In secondo luogo, il conflitto di interessi che lo avrebbe portato a far approvare soprattutto leggi ad personam per garantirsi l’impunità.

In terzo luogo, la sua condanna in via definitiva per evasione fiscale che sarebbe solo la punta di un iceberg di illegalità perpetrata dal padrone di Mediaset. Da ultimo, una vita condotta all’insegna di un edonismo contrassegnato da un fondo di misoginia di cui le «serate eleganti» con le «Olgettine» sarebbero il marchio.

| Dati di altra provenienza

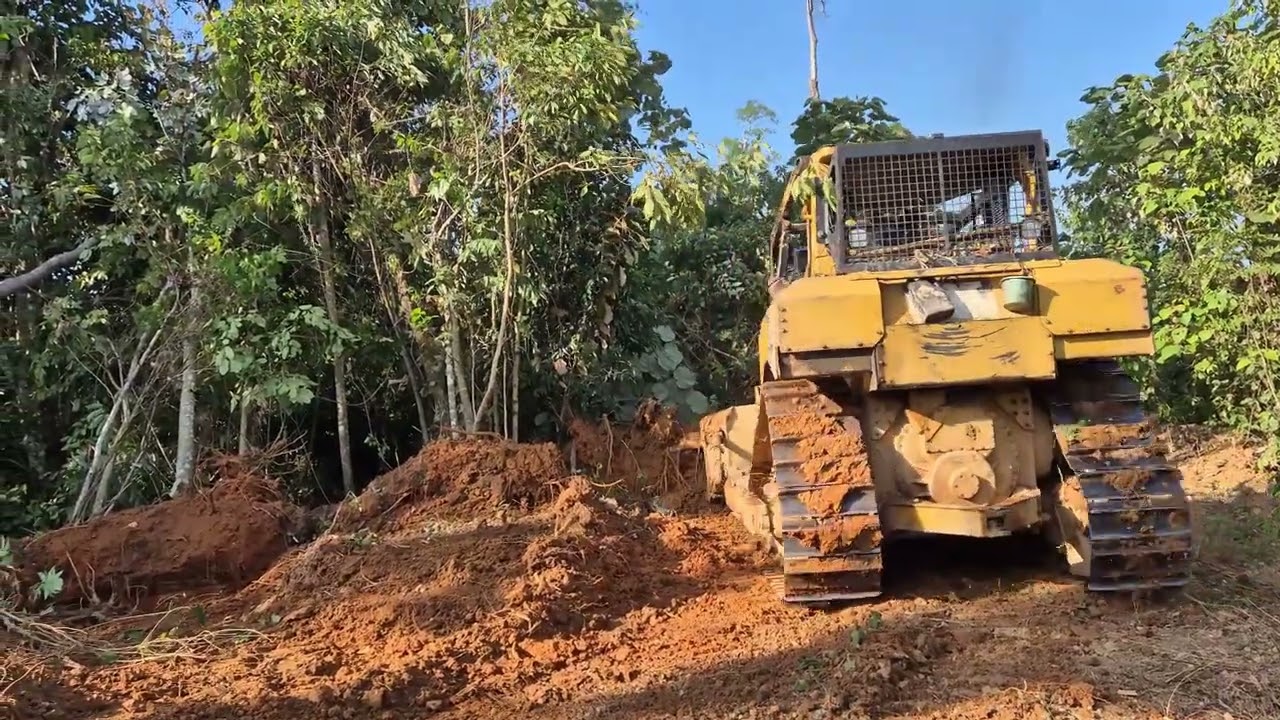 Watch This Giant Dozer Dominate: CAT D6R XL In Action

Come si vede, sono tutti rilievi che attengono alla sfera dei valori e della moralità, pubblica e privata, del leader di Forza Italia. Ma con il moralismo si può fare del giustizialismo. Non si fa politica. Eppure del primato della politica la sinistra è stata la grande sostenitrice per tutto il lungo Dopoguerra, dominato dalla Guerra fredda. Essa aveva della politica una considerazione «alta». Aveva l’idea che la realtà fosse integralmente permeata dalla politica, capace di determinare i grandi movimenti della storia, in grado di emancipare l’individuo, convinta che la persona dovesse essere giudicata in base all’ideologia che sostiene le sue azioni e non per la moralità o immoralità di quelle.

È dalla fine anni Sessanta che si assiste ad un suo slittamento che la spinge a passare dalla competizione programmatica a quella retorica sui valori socialmente condivisi. Un percorso, questo, che l’ha portata a trascurare l’autentica proposta sulle politiche sociali ed economiche per rifugiarsi nella competizione sui valori. In qualche caso, questo cambiamento di rotta l’ha costretta ad abbandonare battaglie che facevano parte della sua storia, come il garantismo, ora rigettato perché contagiato dall’ombra di Berlusconi. Prima si libera dell’antiberlusconismo e meglio è per lei.